■ INFORMATION SUPPLIED:
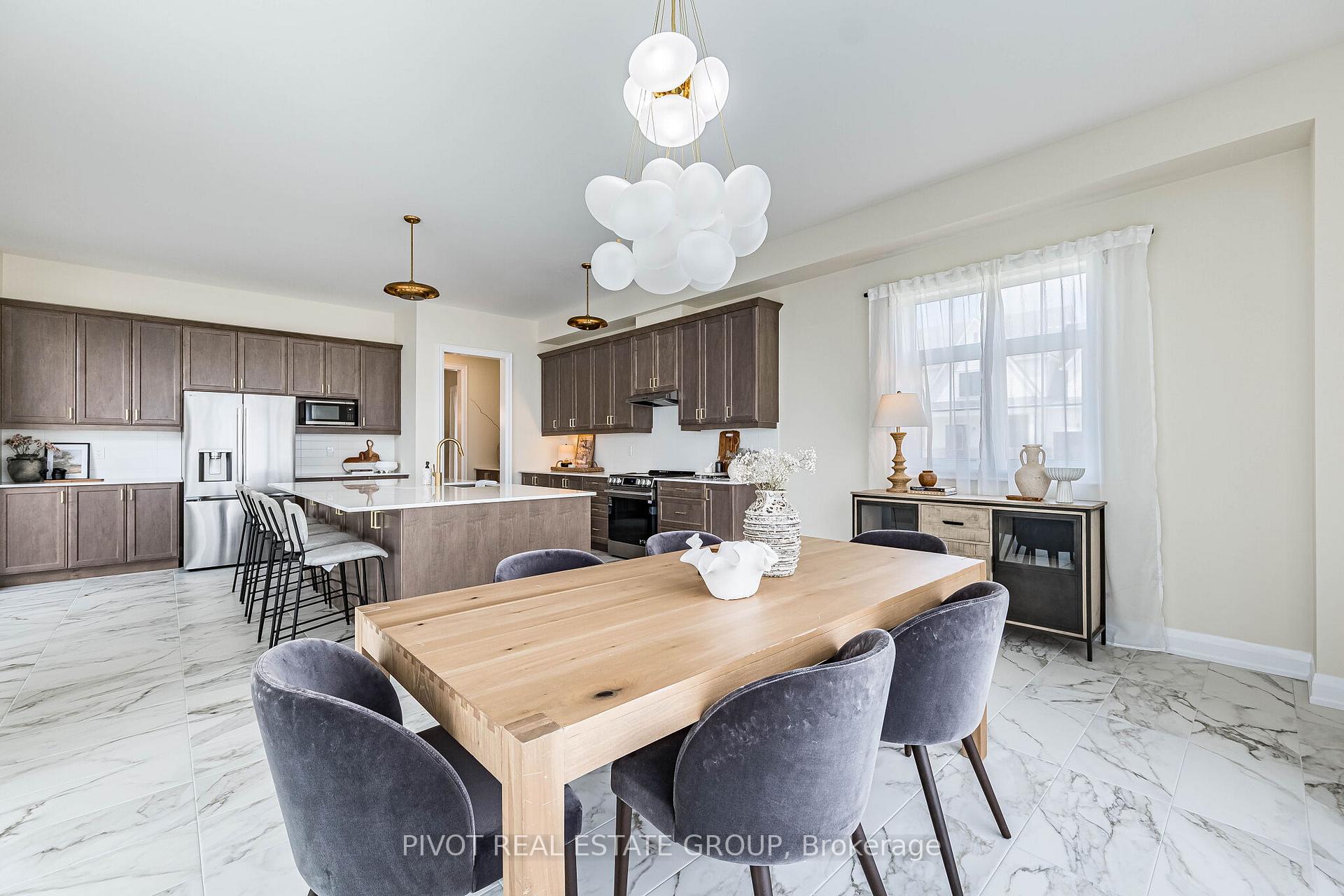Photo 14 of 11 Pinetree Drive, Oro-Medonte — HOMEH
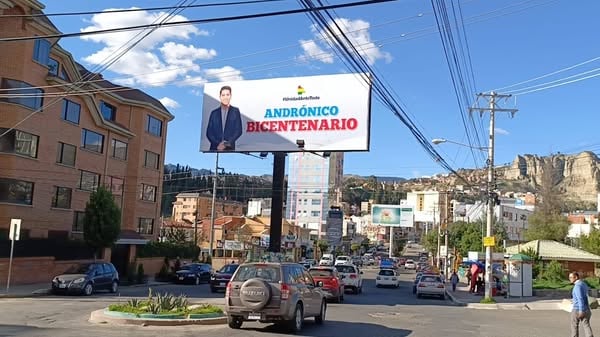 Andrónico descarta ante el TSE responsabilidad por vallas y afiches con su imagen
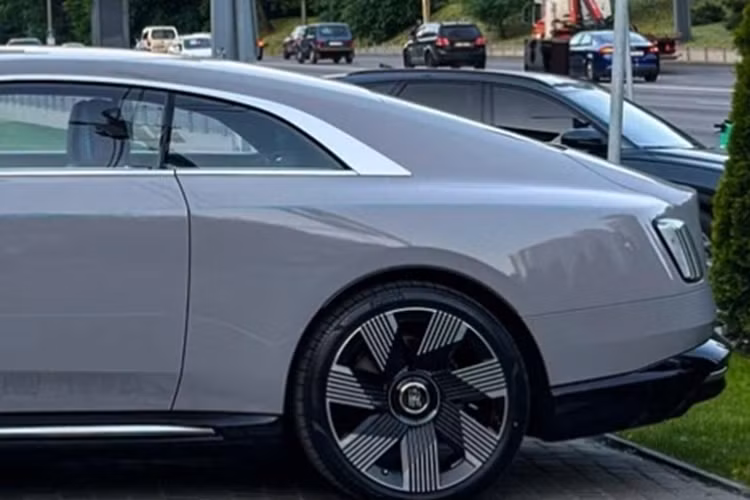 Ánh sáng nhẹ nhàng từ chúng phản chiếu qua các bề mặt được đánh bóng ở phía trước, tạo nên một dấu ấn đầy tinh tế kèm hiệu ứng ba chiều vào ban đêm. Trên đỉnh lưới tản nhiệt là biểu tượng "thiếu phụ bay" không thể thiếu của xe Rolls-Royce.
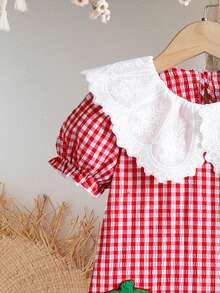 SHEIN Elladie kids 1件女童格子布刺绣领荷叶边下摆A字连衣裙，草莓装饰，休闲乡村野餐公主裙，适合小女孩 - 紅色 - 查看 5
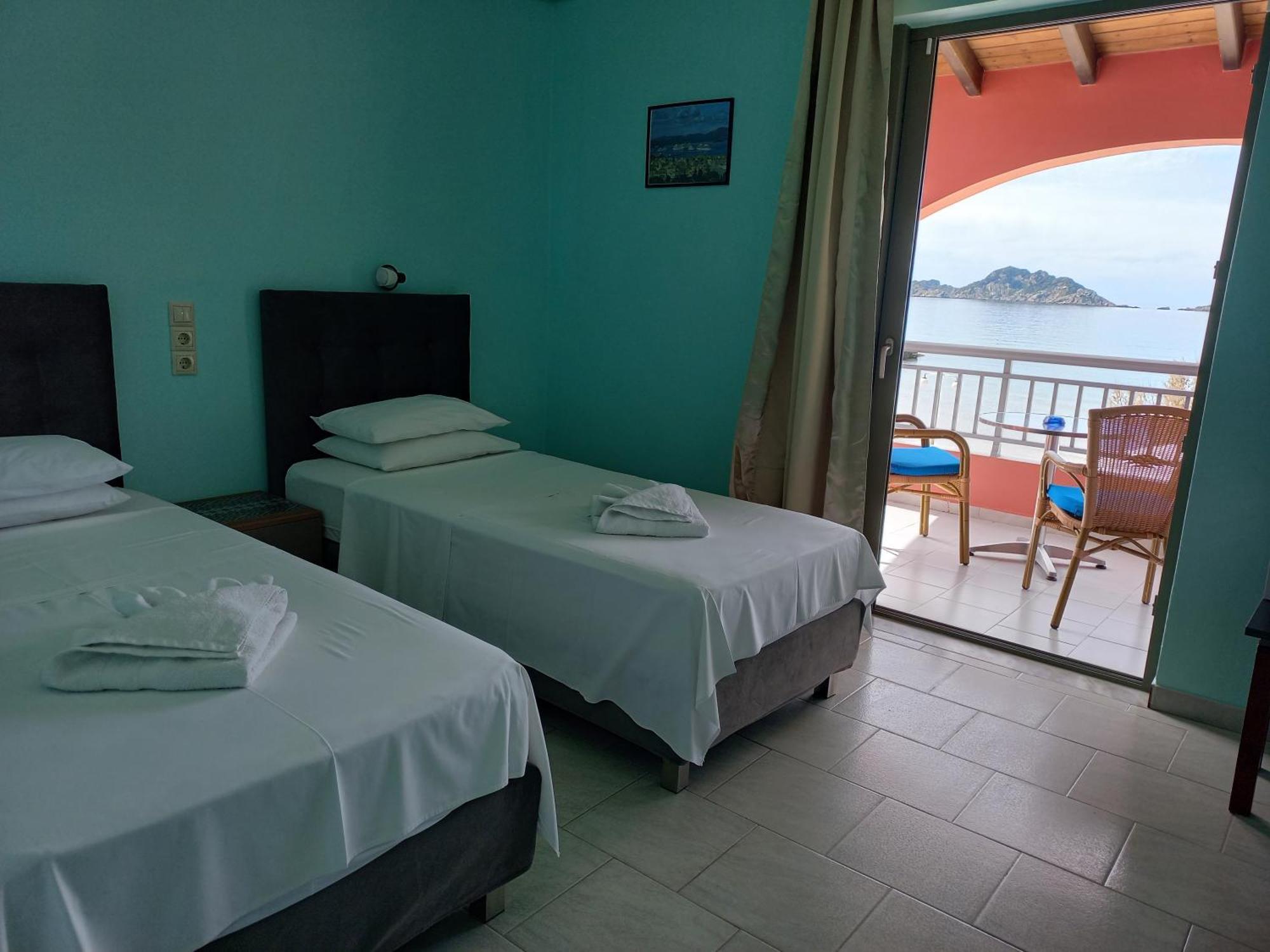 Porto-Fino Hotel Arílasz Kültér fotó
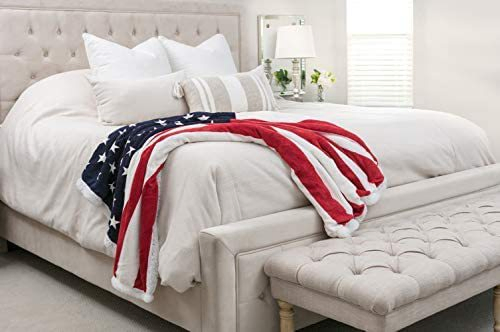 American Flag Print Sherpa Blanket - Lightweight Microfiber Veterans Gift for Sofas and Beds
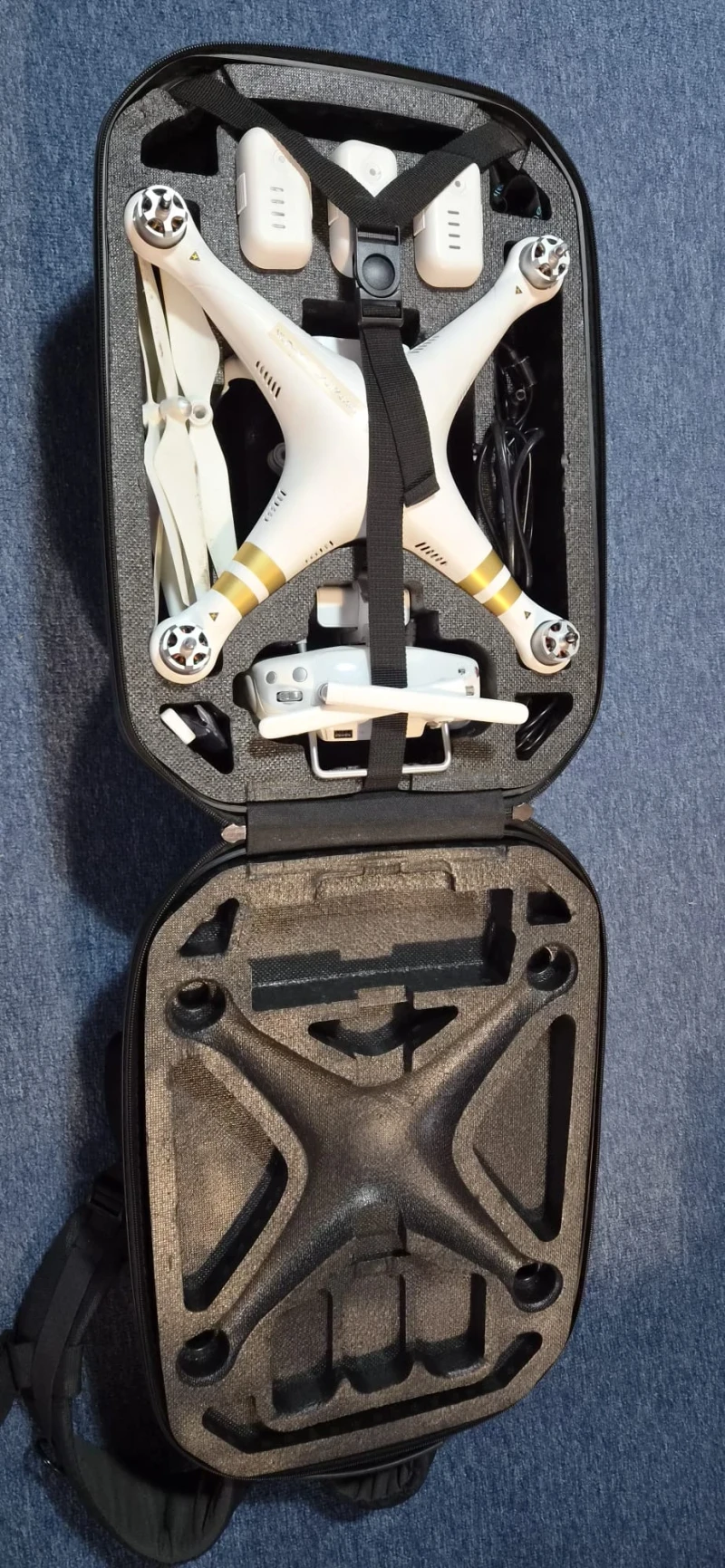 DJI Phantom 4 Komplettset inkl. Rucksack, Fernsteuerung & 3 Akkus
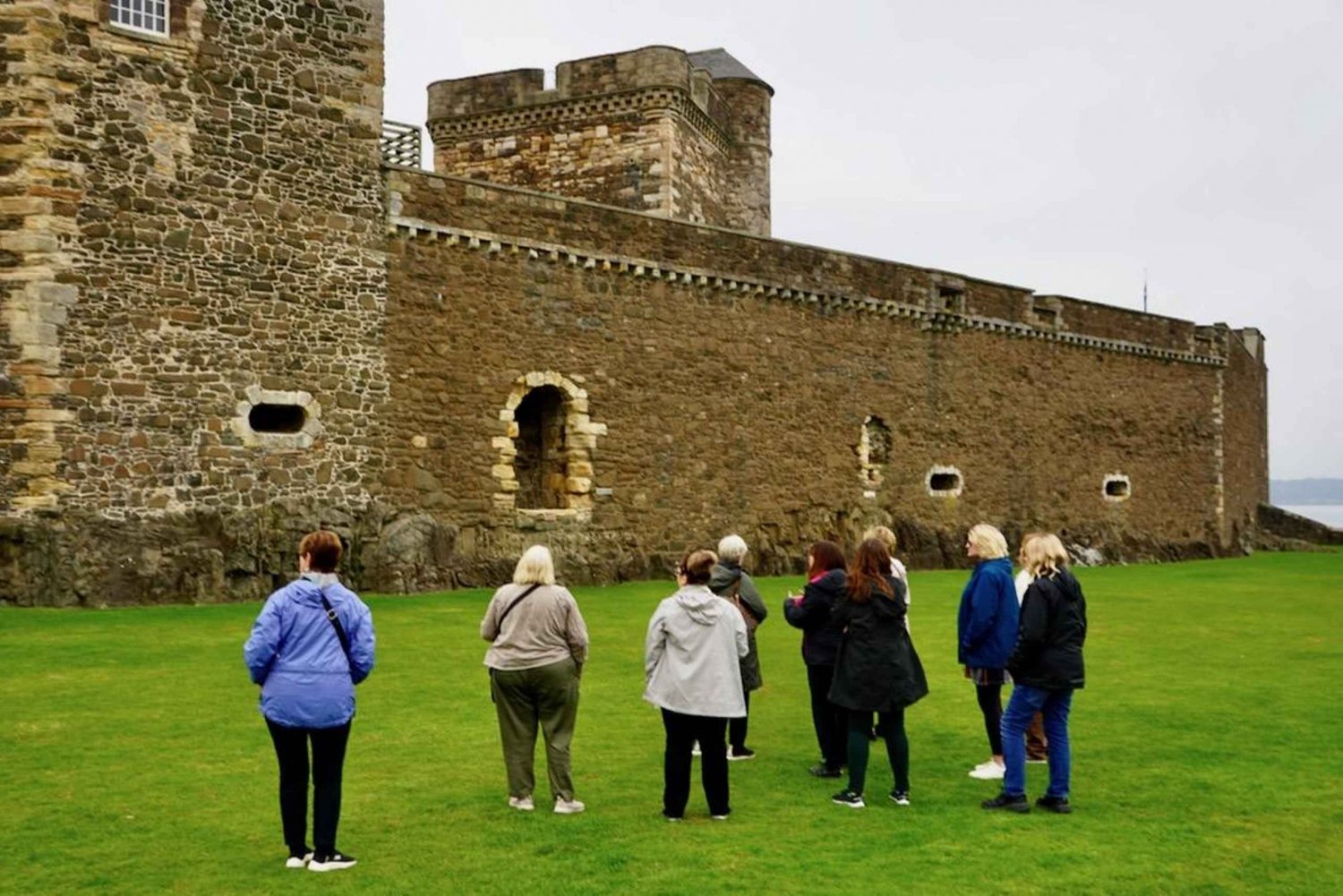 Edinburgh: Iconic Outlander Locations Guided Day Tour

■ EXERCISE PROMPT:
Exactly repeat the data above; the pictures do not belong in your copy.

■ RESPONSE:
Photo 14 of 11 Pinetree Drive, Oro-Medonte — HOMEH
 Andrónico descarta ante el TSE responsabilidad por vallas y afiches con su imagen
 Ánh sáng nhẹ nhàng từ chúng phản chiếu qua các bề mặt được đánh bóng ở phía trước, tạo nên một dấu ấn đầy tinh tế kèm hiệu ứng ba chiều vào ban đêm. Trên đỉnh lưới tản nhiệt là biểu tượng "thiếu phụ bay" không thể thiếu của xe Rolls-Royce.
 SHEIN Elladie kids 1件女童格子布刺绣领荷叶边下摆A字连衣裙，草莓装饰，休闲乡村野餐公主裙，适合小女孩 - 紅色 - 查看 5
 Porto-Fino Hotel Arílasz Kültér fotó
 American Flag Print Sherpa Blanket - Lightweight Microfiber Veterans Gift for Sofas and Beds
 DJI Phantom 4 Komplettset inkl. Rucksack, Fernsteuerung & 3 Akkus
 Edinburgh: Iconic Outlander Locations Guided Day Tour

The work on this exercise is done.